幕末維新に関わった有名無名の人生を追って、全国各地の史跡を訪ね歩いています。

甲賀 Ⅲ

2023年02月04日 | 滋賀県

(本正寺)

 本正寺に油川錬三郎(ゆかわれんさぶろう)の墓を訪ねたが、墓地すら発見することはできなかった。

 

本正寺

 

 油川錬三郎は、天保十三年(千八百四十二)の生まれ。水口藩儒中村栗園の門に入り、漢学を修め、つとに国事に奔走し、慶応四年(1868)正月、同志を甲賀郡松尾山に糾合して赤報隊を組織し、自ら武田文蔵と変名して、東海道鎮撫総督府参謀木梨精一郎に指揮を請い、太政官に召されて入京した。のち一隊を編成して洋式訓練を行い、官命によって江戸に下り、同年八月、中村城その他各地を転戦した。凱旋後、藩職に就き判事に任じられ、廃藩置県後弁護士となった。明治四十一年(1908)、年六十七で没。

 

(猪鼻村)

 

東海道 猪鼻村

 

 猪鼻村は、鈴鹿山脈の西に位置し、中世は鈴鹿山警固役であった山中氏の支配を受け、近世は幕府領や諸藩領となって、幕末に至った。村中を東海道が東西を貫き、商いを営む者も多く、往時は五十戸を超え、賑わっていた。

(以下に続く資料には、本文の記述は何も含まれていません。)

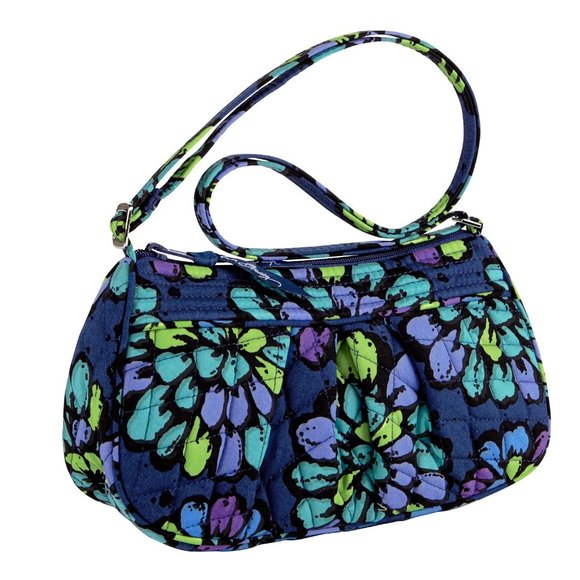 Vera Bradley Handbags - Vera Bradley (Retired) Indigo Pop Crossbody Bag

 土山宿から坂下宿の間の立場(休憩所)があり、草餅や強飯(こわめし)が名物であった。農業のほか、製茶や林業も行われていた。

 

旅籠 中屋跡

 

明治天皇聖蹟

 

副碑

 

 旧旅籠中屋の前に明治天皇聖蹟碑が建ち、隣には副碑がある。明治元年(1868)九月二十三日、十二月二十日、明治二年(1869)三月九日、明治十三年(1880)七月十二日に滞在している。

 

(鈴鹿峠)

 三重県との県境、鈴鹿峠に万人講常夜燈がある。重さ三十八トン、高さ五・四四メートルという巨大なモニュメントである。由緒書きによれば、文化年中の霊験により見いだされた神石を用いたものという。鈴鹿トンネルの工事のため、三重県側の旧東海道沿いから現在地に移設された。ここを越えるともう三重県亀山市である。

 

万人講灯篭常夜灯

 

 明治元年(1869)九月二十三日、明治天皇は猪鼻を経て鈴鹿峠を越え、三重県域に入った。